_Supplied records_
=== Section Start ===

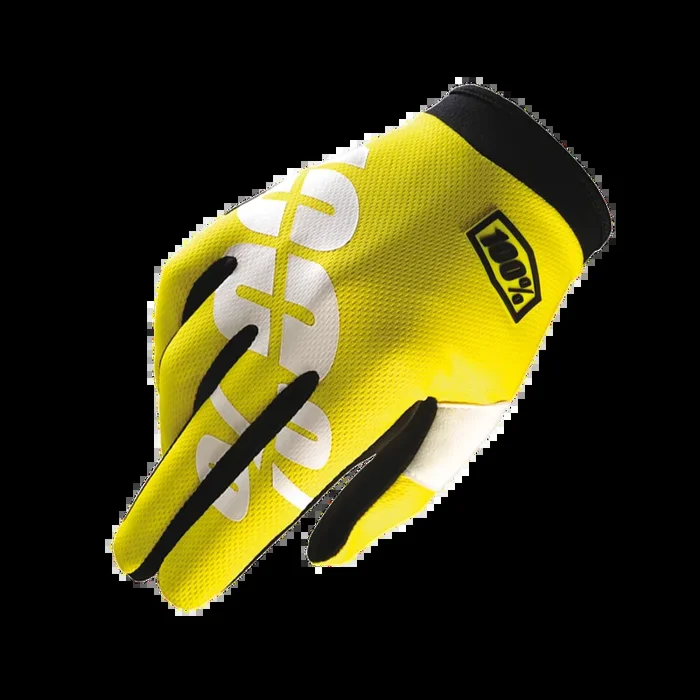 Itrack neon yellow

=== Section End ===
=== Section Start ===

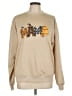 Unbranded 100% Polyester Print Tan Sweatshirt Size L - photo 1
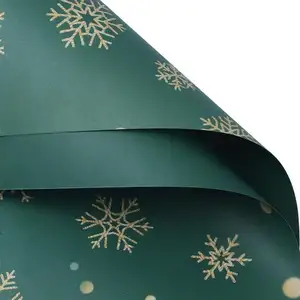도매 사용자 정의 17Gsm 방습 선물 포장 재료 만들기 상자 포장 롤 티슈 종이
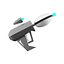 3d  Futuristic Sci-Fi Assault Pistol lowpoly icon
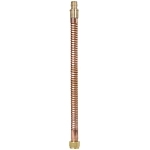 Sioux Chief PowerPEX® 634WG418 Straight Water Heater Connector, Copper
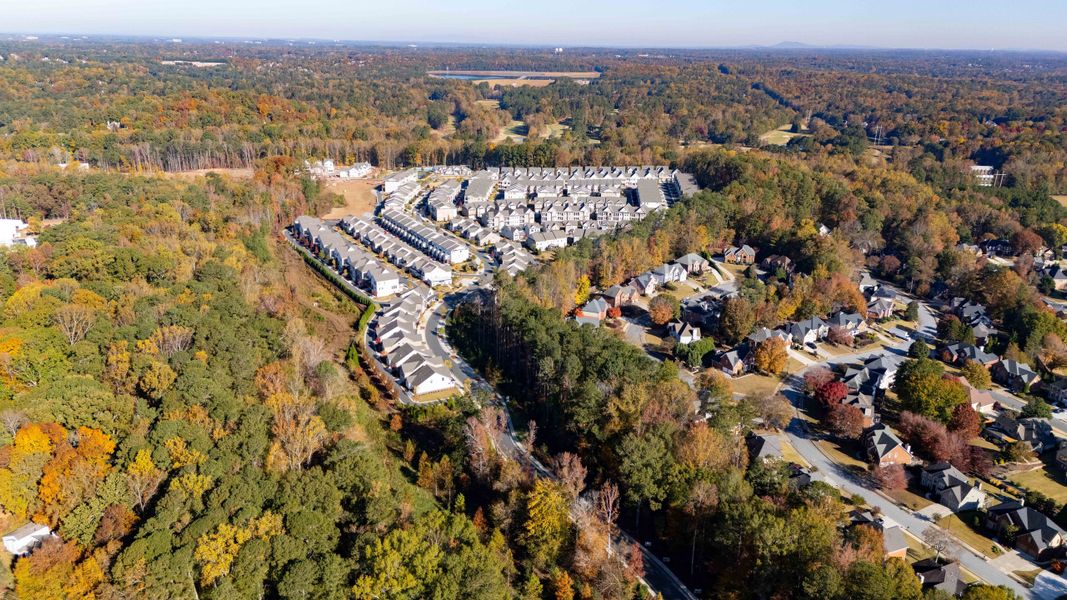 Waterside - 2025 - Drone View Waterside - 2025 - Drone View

=== Section End ===

_Directions for this task_
Copy exactly the lines of the entries above from the one containing "Pistol lowpoly icon" through the one containing "Waterside - 2025 - Drone View Waterside". Both end lines count; pictures do not.

_Result of the exercise_
 3d  Futuristic Sci-Fi Assault Pistol lowpoly icon
 Sioux Chief PowerPEX® 634WG418 Straight Water Heater Connector, Copper
 Waterside - 2025 - Drone View Waterside - 2025 - Drone View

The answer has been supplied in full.